After the war Dresden was part of Eastern Germany and that changed in 1990 when Germany got united. Now it has about half a million inhabitants 

What you will see

Even though almost everything was destroyed by the bombing in Dresden, they did a great job in rebuilding the main highlights again and the copies of buildings you can see look almost the same as the originals. 

Zwinger

Like many other structures in Dresden, Zwinger was built by a court architect of August the Strong, Matthäus Daniel Pöppelmann. It is a worldwide famous muzeum which shows amazing and precious collections of Old Masters, collections of Meissen porcelain or Physical and Mathematical artefacts from all over Europe. Come with us and see on our private tour to Dresden the famous painting of the Sixstine Madonna painted by Rafaelo himself. It is bigger than you thought. 

The Residential Schloss 

In the heart of the old town you will visit Dresden Chateau (schloss) where the famous Dresden collections started and it is their center. With its famous historical Green Vault it became a destination to come for many visitors all around the world. It has the biggest jewellry treasury in Europe. Out of that it shows a huge collection of weapons and armours and the famous Turkish Chamber with a 20m long fully equipped military tent of turkish soldiers from the 17th century. Together the armory numbers 10 000 pieces. It is a beautiful muzeum. 

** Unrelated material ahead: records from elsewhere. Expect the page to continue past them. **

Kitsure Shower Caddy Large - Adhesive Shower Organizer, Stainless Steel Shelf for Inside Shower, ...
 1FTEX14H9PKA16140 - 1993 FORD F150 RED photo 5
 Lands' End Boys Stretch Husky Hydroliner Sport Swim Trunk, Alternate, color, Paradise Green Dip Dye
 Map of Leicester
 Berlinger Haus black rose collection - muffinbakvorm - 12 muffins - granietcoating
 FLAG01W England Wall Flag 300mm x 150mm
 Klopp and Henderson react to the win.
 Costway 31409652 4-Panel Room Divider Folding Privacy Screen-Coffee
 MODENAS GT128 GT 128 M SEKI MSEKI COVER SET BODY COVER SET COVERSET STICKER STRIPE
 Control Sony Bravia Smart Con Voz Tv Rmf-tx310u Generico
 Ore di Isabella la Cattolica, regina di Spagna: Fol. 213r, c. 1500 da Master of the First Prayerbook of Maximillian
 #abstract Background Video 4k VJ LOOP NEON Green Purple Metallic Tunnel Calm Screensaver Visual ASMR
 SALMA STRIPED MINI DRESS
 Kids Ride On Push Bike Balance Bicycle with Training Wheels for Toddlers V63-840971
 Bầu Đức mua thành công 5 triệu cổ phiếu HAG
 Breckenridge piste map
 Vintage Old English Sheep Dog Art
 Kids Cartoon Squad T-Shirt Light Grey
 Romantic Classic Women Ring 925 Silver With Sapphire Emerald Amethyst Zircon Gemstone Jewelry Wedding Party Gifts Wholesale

Cathedral of the Holy Trinity

There are two beautiful Churches nearby each other in Dresden, one is protestant and one is catholic. This one is catholic and it was built in pure baroque style in 1739-1755. It was built by none other than August the Strong and inside is a tomb where catholic Saxon kings and dukes from the family of Wettin are buried. Interesting is that August the Strong himself is buried in Krakow in Poland but inside this church his heart is kept. Go with us to Dresden on a private tour and hear more of such interesting stories from us. 

Frauenkirche

Icon of Dresden is a church of Our Lady which is the protestant church in town. It is one of the most significant baroque structures in Germany. It was founded when August the strong was still protestant however later he converted to catholicism because he wanted to acquire the Polish crown. Its dome weighs an amazing 12 000 tons and it can be comparable with St. Peters dome in Rome. The dome has no supports inside and guess what? You can get to the top by elevator and a few stairs and the view is just spectacular. Unfortunately the church collapsed during the WWII bombing because of heavy fire and temperatures around 1200 degrees. Its reconstruction started in 1994 and it was the most difficult reconstruction in a history of reconstructions in the whole world ever. From the ruins they managed to put back 43% of stone pieces they recovered from the ruins and it cost 180 millions Euro. They opened again and consecrated the church in 2005. 

Semperoper

Dresden opera house built by famous architect Gottfried Semper in 1841 and after a big fire rebuilt in 1878. Then destroyed again during WWII bombing and in 1985 built for the third time. It witnessed famous opera shows from Richard Wagner or Richard Strauss.


Are you interested to see and hear more about this interesting German town? Out of the list there are many more interesting places that you will see. For example a beautiful view on the Elbe river with its typical steamboats. Dresden is also a famous place for shopping because in the very center between Neumarkt square and the train station is a street called Prague street and it is just full of well supplied shopping malls. Many Czechs go to Dresden just because of convenience shopping.